Bletilla striata, known as hyacinth orchid or Chinese ground orchid, is a species of flowering plant in the orchid family Orchidaceae, native to Japan, Korea, Myanmar (Burma), and China (Anhui, Fujian, Gansu, Guangdong, Guangxi, Guizhou, Hubei, Hunan, Jiangsu, Jiangxi, Shaanxi, Sichuan, Zhejiang).
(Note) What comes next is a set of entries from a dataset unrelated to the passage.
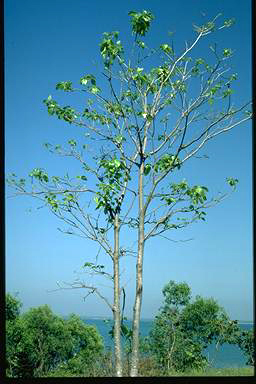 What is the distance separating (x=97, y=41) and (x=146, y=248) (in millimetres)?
1220

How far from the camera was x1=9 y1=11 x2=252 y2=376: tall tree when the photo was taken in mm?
2992

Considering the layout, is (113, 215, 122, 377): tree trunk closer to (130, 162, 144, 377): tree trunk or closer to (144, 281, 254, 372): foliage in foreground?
(130, 162, 144, 377): tree trunk

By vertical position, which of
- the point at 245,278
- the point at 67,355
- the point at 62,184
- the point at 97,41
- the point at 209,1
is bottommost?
the point at 67,355

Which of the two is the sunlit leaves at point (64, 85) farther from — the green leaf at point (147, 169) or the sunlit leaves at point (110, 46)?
the green leaf at point (147, 169)

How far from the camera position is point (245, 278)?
3.13m

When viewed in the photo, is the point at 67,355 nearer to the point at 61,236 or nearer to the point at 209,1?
the point at 61,236

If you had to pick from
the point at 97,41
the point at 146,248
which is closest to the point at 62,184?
the point at 146,248

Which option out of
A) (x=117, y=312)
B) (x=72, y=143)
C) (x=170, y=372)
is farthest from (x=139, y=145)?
(x=170, y=372)

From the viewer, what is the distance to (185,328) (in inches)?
133

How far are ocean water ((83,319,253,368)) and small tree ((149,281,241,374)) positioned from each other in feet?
0.14

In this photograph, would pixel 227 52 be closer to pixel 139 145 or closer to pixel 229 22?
pixel 229 22

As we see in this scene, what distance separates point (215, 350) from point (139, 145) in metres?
1.43

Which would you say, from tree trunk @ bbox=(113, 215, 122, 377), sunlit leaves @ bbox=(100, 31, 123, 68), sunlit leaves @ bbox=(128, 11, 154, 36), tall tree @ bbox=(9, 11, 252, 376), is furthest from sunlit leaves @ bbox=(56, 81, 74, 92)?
tree trunk @ bbox=(113, 215, 122, 377) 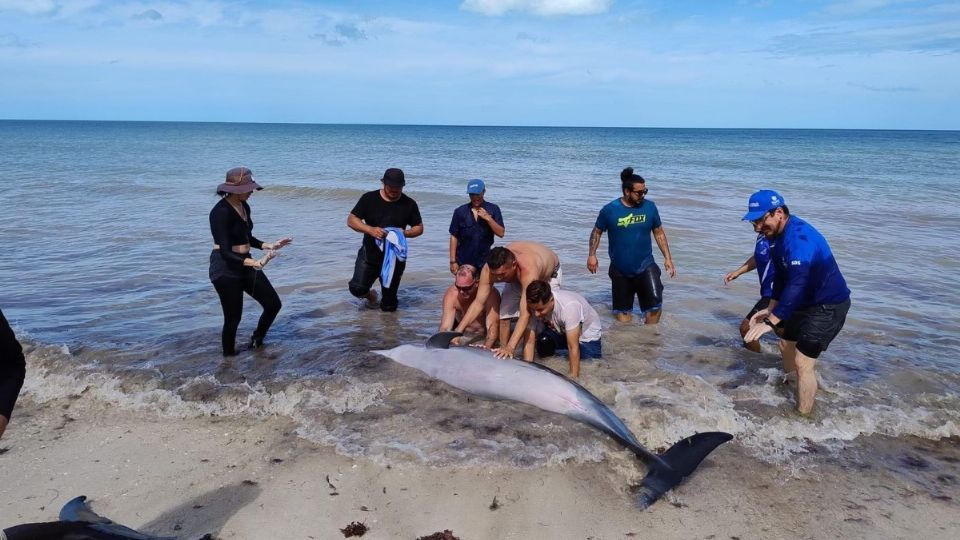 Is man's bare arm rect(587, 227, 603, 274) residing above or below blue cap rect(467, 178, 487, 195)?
below

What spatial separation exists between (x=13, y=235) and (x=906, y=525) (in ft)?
56.8

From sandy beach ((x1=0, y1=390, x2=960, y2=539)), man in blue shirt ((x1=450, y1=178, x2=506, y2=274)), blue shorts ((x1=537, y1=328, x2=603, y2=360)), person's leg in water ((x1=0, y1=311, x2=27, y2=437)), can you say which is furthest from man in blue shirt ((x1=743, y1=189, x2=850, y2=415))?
person's leg in water ((x1=0, y1=311, x2=27, y2=437))

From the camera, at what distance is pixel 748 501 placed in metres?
4.80

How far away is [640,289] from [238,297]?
207 inches

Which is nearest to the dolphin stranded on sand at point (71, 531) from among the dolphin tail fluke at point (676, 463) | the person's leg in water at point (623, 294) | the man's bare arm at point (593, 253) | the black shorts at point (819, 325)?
the dolphin tail fluke at point (676, 463)

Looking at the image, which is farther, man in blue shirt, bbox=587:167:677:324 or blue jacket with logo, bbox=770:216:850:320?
man in blue shirt, bbox=587:167:677:324

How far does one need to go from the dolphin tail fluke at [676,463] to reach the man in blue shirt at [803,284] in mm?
965

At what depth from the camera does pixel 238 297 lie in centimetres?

It is most commonly found growing in clumps alongside grassy slopes with sandy soil.

The Latin specific epithet striata means "striped", in reference to the ribbed leaves.

== Description ==

Bletilla striata is a terrestrial orchid with pleated, spear-shaped leaves. It breaks dormancy in early spring, with each tuber of the previous year potentially sending out multiple shoots. These growths mature over the course of a couple months and eventually bear 3-7 magenta-pink flowers.

== Cultivation ==

In cultivation in the UK it is hardy in sheltered locations down to -10 C. It has gained the Royal Horticultural Society's Award of Garden Merit.

In the U.S. it may be grown in USDA hardiness zones 5–9, although a winter mulching for plants grown in zone 5 is recommended.

Like most terrestrial orchids, it drops its leaves as it enters winter dormancy; however, it tolerates moisture during this period much better than most others. Nevertheless, it is encouraged to grow Bletilla striata in a well-draining, humus-rich mix.

== Uses ==

Bletilla striata is used in Asian traditional medicine for problems with the lining of the alimentary canal, such as ulcers.

It is also used as a natural glue for making silk strings for traditional Chinese instruments such as the guqin.